- WHAT IS REQUIRED -
Restate the data exactly as given and keep the pictures out.

- RAW DATA -
== Segment start ==

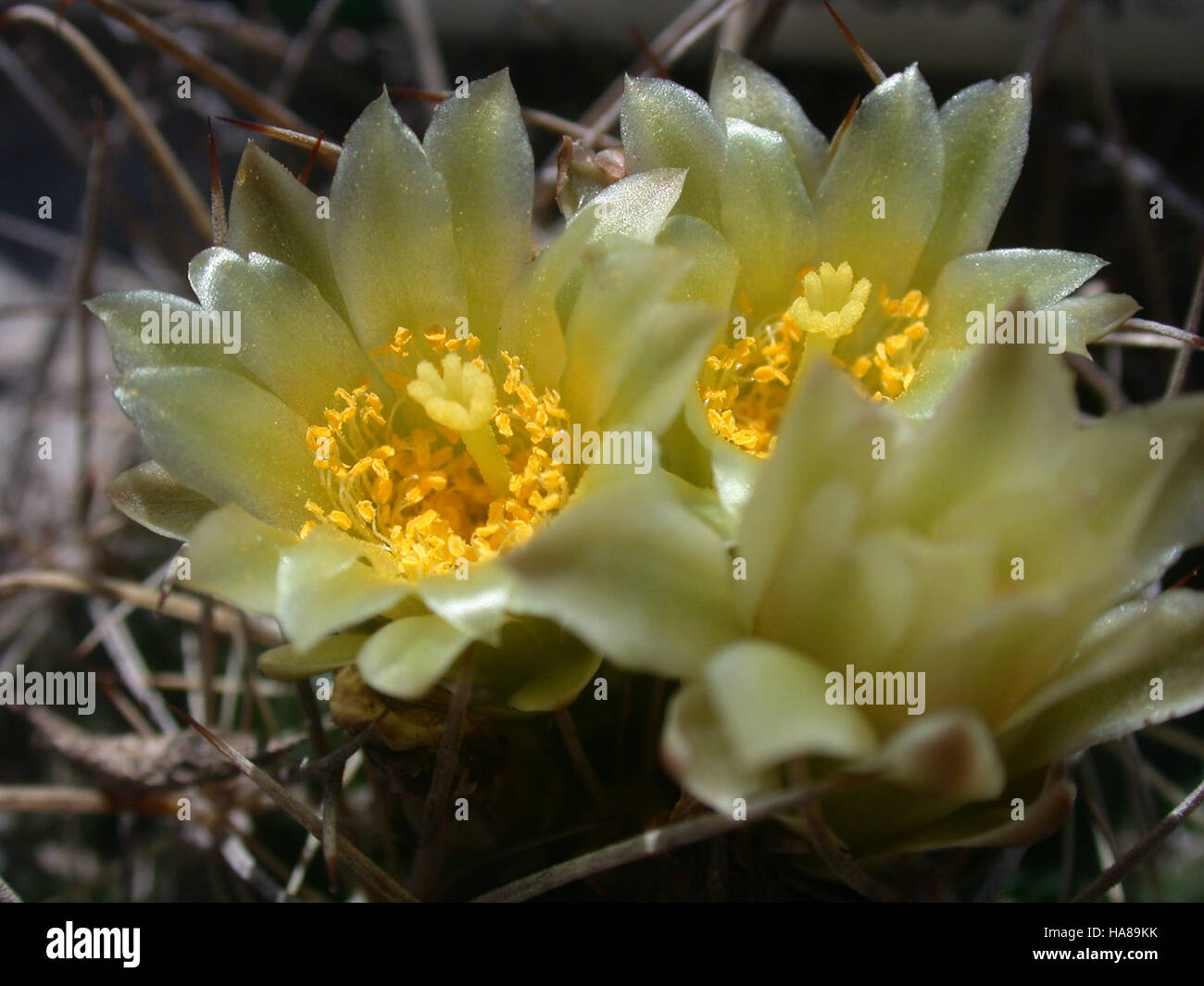 usfwsendsp 5864283274 Endangered Tobusch fishhook cactus (Ancistrocactus tobuschii) Stock Photo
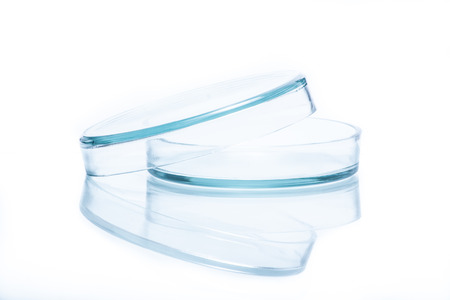 Glass Petri dishの写真素材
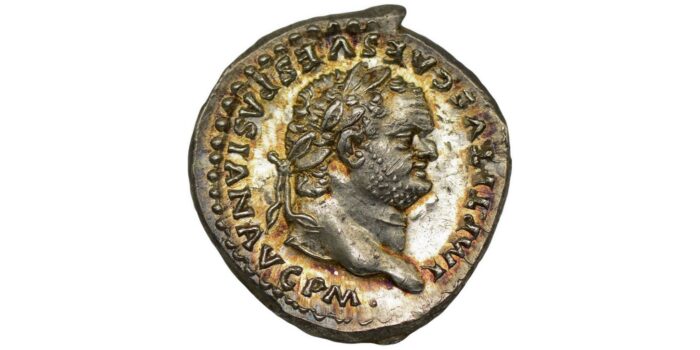 Titus Silver Denarius AD 80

== Segment end ==

- RESULT OF THE TASK -
 usfwsendsp 5864283274 Endangered Tobusch fishhook cactus (Ancistrocactus tobuschii) Stock Photo
 Glass Petri dishの写真素材
 Titus Silver Denarius AD 80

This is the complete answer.